▸ **Exercise brief**
Word for word, reproduce the records that follow.
[Exercise materials Boundary: Start]
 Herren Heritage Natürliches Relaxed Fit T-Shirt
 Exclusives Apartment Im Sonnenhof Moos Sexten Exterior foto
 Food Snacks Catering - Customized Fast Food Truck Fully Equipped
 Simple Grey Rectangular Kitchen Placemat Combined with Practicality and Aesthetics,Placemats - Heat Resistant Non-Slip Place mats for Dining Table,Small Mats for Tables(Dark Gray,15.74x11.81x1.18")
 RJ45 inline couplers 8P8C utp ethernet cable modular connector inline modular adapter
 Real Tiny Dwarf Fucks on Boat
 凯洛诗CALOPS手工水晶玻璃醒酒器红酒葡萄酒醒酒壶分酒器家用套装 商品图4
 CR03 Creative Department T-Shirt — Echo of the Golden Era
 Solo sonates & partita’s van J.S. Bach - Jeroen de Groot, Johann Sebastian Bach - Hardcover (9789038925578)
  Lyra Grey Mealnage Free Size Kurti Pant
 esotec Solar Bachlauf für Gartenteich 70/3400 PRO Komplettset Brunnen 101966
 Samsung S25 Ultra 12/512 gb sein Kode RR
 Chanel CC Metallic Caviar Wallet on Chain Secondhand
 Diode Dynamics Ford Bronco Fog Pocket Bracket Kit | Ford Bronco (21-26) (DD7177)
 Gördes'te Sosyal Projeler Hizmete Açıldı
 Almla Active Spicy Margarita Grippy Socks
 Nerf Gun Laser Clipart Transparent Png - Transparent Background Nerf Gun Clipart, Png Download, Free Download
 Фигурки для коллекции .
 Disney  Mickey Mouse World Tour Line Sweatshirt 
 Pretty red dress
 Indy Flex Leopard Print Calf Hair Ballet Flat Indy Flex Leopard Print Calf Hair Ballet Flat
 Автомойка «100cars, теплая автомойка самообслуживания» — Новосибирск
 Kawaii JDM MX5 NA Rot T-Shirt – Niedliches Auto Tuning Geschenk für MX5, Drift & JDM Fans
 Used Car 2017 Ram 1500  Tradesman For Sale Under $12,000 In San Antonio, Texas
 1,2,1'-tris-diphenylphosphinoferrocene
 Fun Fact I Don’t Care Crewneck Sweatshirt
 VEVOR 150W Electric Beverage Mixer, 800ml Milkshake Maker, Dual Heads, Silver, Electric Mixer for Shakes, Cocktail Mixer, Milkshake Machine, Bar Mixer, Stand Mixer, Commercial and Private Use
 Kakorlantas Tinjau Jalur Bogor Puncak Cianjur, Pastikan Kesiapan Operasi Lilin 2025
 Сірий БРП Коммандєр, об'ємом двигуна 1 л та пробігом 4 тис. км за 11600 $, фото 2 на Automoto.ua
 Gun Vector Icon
[Exercise materials Boundary: End]
▸ **Output for this task**
 Herren Heritage Natürliches Relaxed Fit T-Shirt
 Exclusives Apartment Im Sonnenhof Moos Sexten Exterior foto
 Food Snacks Catering - Customized Fast Food Truck Fully Equipped
 Simple Grey Rectangular Kitchen Placemat Combined with Practicality and Aesthetics,Placemats - Heat Resistant Non-Slip Place mats for Dining Table,Small Mats for Tables(Dark Gray,15.74x11.81x1.18")
 RJ45 inline couplers 8P8C utp ethernet cable modular connector inline modular adapter
 Real Tiny Dwarf Fucks on Boat
 凯洛诗CALOPS手工水晶玻璃醒酒器红酒葡萄酒醒酒壶分酒器家用套装 商品图4
 CR03 Creative Department T-Shirt — Echo of the Golden Era
 Solo sonates & partita’s van J.S. Bach - Jeroen de Groot, Johann Sebastian Bach - Hardcover (9789038925578)
  Lyra Grey Mealnage Free Size Kurti Pant
 esotec Solar Bachlauf für Gartenteich 70/3400 PRO Komplettset Brunnen 101966
 Samsung S25 Ultra 12/512 gb sein Kode RR
 Chanel CC Metallic Caviar Wallet on Chain Secondhand
 Diode Dynamics Ford Bronco Fog Pocket Bracket Kit | Ford Bronco (21-26) (DD7177)
 Gördes'te Sosyal Projeler Hizmete Açıldı
 Almla Active Spicy Margarita Grippy Socks
 Nerf Gun Laser Clipart Transparent Png - Transparent Background Nerf Gun Clipart, Png Download, Free Download
 Фигурки для коллекции .
 Disney  Mickey Mouse World Tour Line Sweatshirt 
 Pretty red dress
 Indy Flex Leopard Print Calf Hair Ballet Flat Indy Flex Leopard Print Calf Hair Ballet Flat
 Автомойка «100cars, теплая автомойка самообслуживания» — Новосибирск
 Kawaii JDM MX5 NA Rot T-Shirt – Niedliches Auto Tuning Geschenk für MX5, Drift & JDM Fans
 Used Car 2017 Ram 1500  Tradesman For Sale Under $12,000 In San Antonio, Texas
 1,2,1'-tris-diphenylphosphinoferrocene
 Fun Fact I Don’t Care Crewneck Sweatshirt
 VEVOR 150W Electric Beverage Mixer, 800ml Milkshake Maker, Dual Heads, Silver, Electric Mixer for Shakes, Cocktail Mixer, Milkshake Machine, Bar Mixer, Stand Mixer, Commercial and Private Use
 Kakorlantas Tinjau Jalur Bogor Puncak Cianjur, Pastikan Kesiapan Operasi Lilin 2025
 Сірий БРП Коммандєр, об'ємом двигуна 1 л та пробігом 4 тис. км за 11600 $, фото 2 на Automoto.ua
 Gun Vector Icon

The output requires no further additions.